::: Data for this task

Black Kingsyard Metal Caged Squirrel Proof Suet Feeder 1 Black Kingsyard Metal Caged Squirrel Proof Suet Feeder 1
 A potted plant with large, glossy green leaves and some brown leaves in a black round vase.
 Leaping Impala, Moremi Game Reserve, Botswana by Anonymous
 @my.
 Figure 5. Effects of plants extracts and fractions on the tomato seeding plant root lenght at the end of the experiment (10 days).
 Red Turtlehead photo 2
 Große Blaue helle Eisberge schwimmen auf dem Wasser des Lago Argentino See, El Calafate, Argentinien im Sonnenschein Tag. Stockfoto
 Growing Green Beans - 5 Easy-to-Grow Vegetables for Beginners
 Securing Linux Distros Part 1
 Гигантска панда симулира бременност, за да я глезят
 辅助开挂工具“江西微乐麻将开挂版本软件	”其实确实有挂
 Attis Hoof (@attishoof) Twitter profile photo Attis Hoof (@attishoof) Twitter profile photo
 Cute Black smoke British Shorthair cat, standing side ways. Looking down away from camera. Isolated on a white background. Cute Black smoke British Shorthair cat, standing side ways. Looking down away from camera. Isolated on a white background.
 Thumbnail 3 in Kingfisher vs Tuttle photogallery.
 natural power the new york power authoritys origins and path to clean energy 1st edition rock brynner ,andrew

::::::

◆ Task details
From the line containing "Attis Hoof (@attishoof) Twitter profile photo Attis" through the last line of the records above, reproduce every line exactly.

◆ Output for this task
 Attis Hoof (@attishoof) Twitter profile photo Attis Hoof (@attishoof) Twitter profile photo
 Cute Black smoke British Shorthair cat, standing side ways. Looking down away from camera. Isolated on a white background. Cute Black smoke British Shorthair cat, standing side ways. Looking down away from camera. Isolated on a white background.
 Thumbnail 3 in Kingfisher vs Tuttle photogallery.
 natural power the new york power authoritys origins and path to clean energy 1st edition rock brynner ,andrew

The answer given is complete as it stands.